-- Source material --
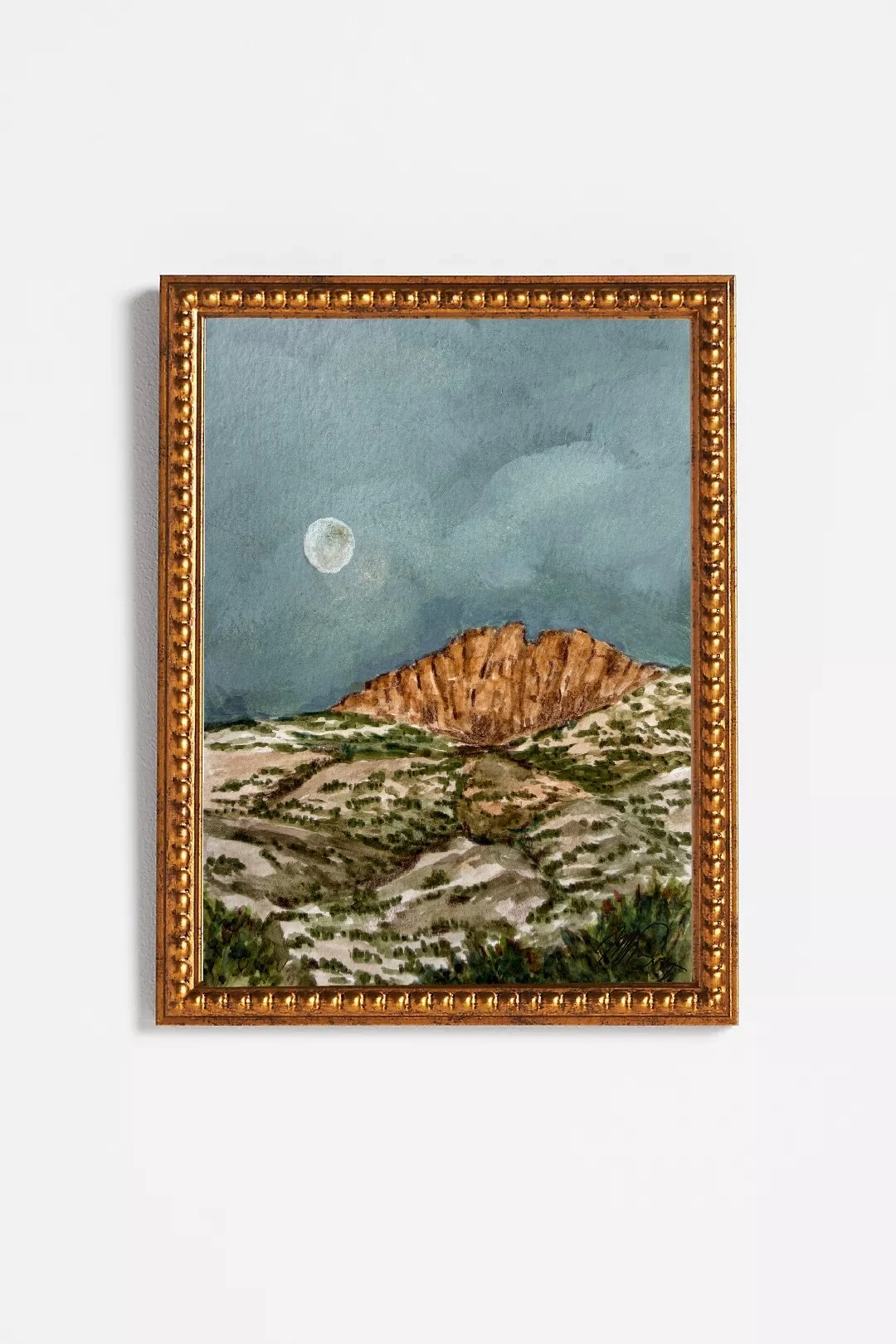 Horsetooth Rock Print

--

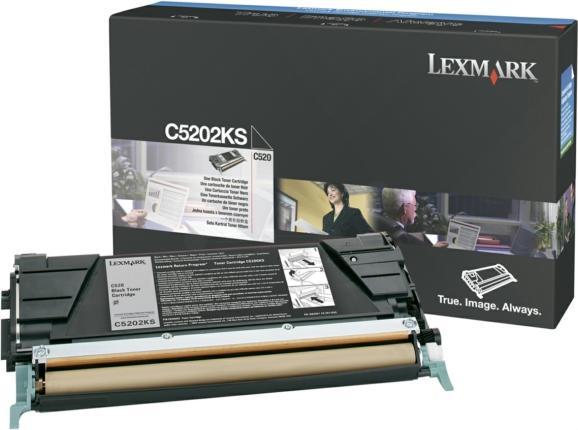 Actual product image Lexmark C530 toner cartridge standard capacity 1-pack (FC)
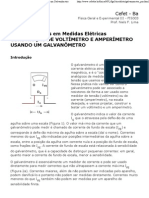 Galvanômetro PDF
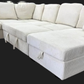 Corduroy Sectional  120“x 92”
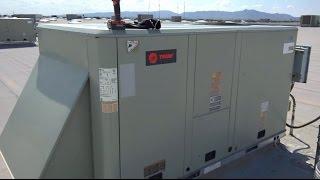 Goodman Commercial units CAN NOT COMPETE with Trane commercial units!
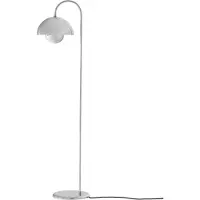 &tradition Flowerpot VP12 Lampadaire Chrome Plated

--

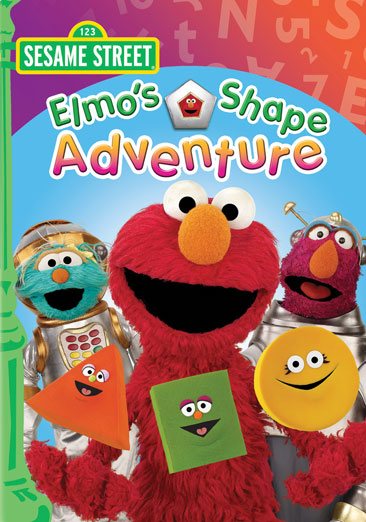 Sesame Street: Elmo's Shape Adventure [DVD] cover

-- Brief --
With the pictures omitted, restate word for word the lines above from the line that has "Actual product image" up to and including the line that has "Lampadaire Chrome Plated", and no other lines.

-- Task solution --
 Actual product image Lexmark C530 toner cartridge standard capacity 1-pack (FC)
 Galvanômetro PDF
 Corduroy Sectional  120“x 92”
 Goodman Commercial units CAN NOT COMPETE with Trane commercial units!
 &tradition Flowerpot VP12 Lampadaire Chrome Plated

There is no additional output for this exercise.